Greencoat debuts in US with 861MW wind deal

The deal, alongside BAE and Willis Towers Watson pension schemes, is the result of 18 months preparatory work, according to Greencoat’s Laurence Fumagalli.

London-based renewables manager Greencoat Capital has made its entry into the US market after taking a 24 percent stake in an 861MW wind portfolio.

Greencoat agreed the deal on a separate account basis on behalf of the BAE Systems Pension Fund and Towers Watson Investment Services, through Greencoat Velas, a vehicle established solely for investing in the four-strong portfolio, sold by utility RWE. The investment is “unlevered and is expected to total approximately $160 million”, Greencoat said in a statement.

RWE, which also holds a 24 percent stake, will continue to operate the four onshore windfarms – Stella, Cranell, East and West Raymond – which are all located in coastal South Texas. The utility sold the other 51 percent to Algonquin Power & Utilities in December.

“We’ve been looking at an expansion into the US for about 18 months and we first knew about this deal in February last year,” Laurence Fumagalli, partner at Greencoat Capital, told Infrastructure Investor. “It’s a natural, one onion skin away from what we’re currently doing.”

Greencoat has worked with the BAE and Towers Watson schemes on both deals and funds in the past and Fumagalli said the SMA deal will likely be followed by a dedicated fund.

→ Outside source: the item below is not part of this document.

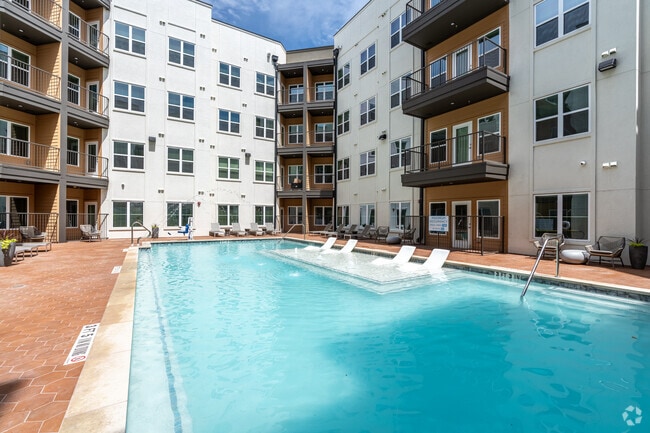 Resort-Style Pool & Sundeck - Park South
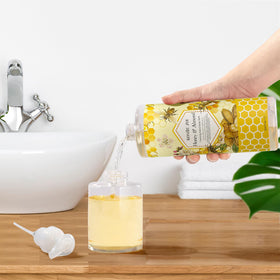 ROMIIE ZOI ingredients close-up highlighting jojoba oil and Vitamin B5 moisturizing benefit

“A fund is probably a natural evolution of our US business. I think people generally start with SMAs,” he said. “That’s a probable direction of our US business. We’ve got limited boots on the ground and we’re looking to expand that as we grow.”

Greencoat’s Dublin-listed European fund, Greencoat Renewables, last year made its first foray into the French renewables market, although Fumagalli said the main difference between the US and European markets is the power purchase agreement and tax equity structure.

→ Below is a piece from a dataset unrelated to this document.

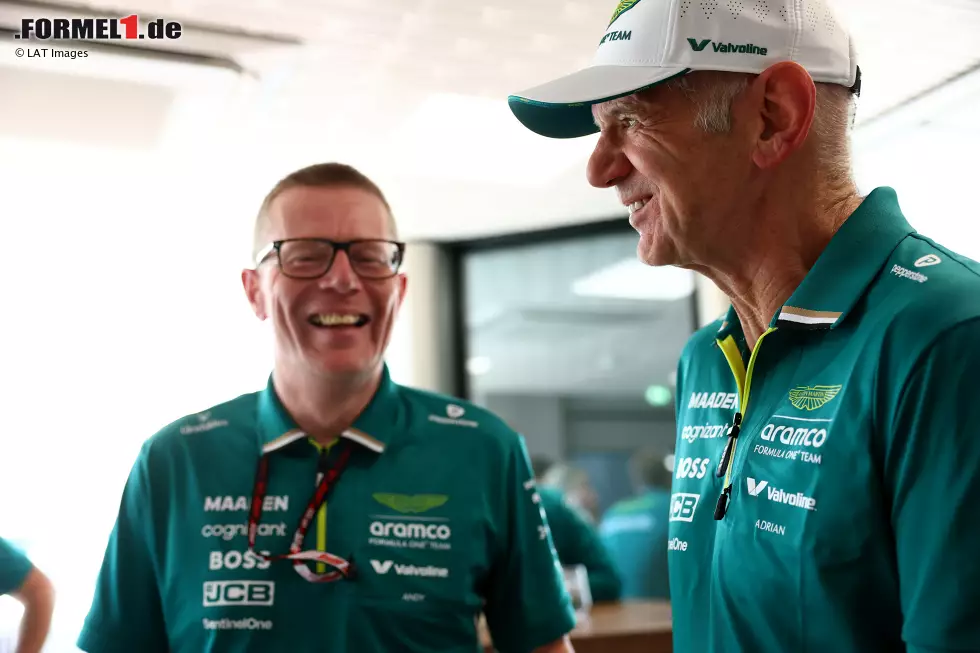 Foto zur News: Andy Cowell mit Adrian Newey (Aston Martin)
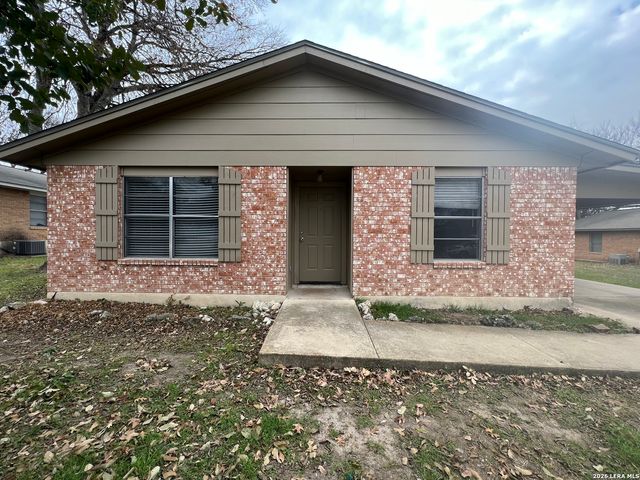 1768 Kuehler Ave, New Braunfels, TX 78130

“All windfarms in the US are essentially merchant, there’s no direct subsidy,” he said, adding that all four sites are backed by 10-year PPAs. “The US has a much deeper and more developed utility and corporate PPA market than Europe. It’s had to because it’s never had a fixed government tariff.”

With Greencoat’s focus on operational projects, Fumagalli does not see a direct consequence for its US-based business from November’s presidential election but believes the outcome will have some positive effects for the industry.

“With [president-elect Joe] Biden and his $2 trillion stimulus, it’s clearly good for renewables, one can expect more to get built rather than fewer as a result. It just underscores the depth of the market and the timeliness of our expansion into the market,” explained Fumagalli.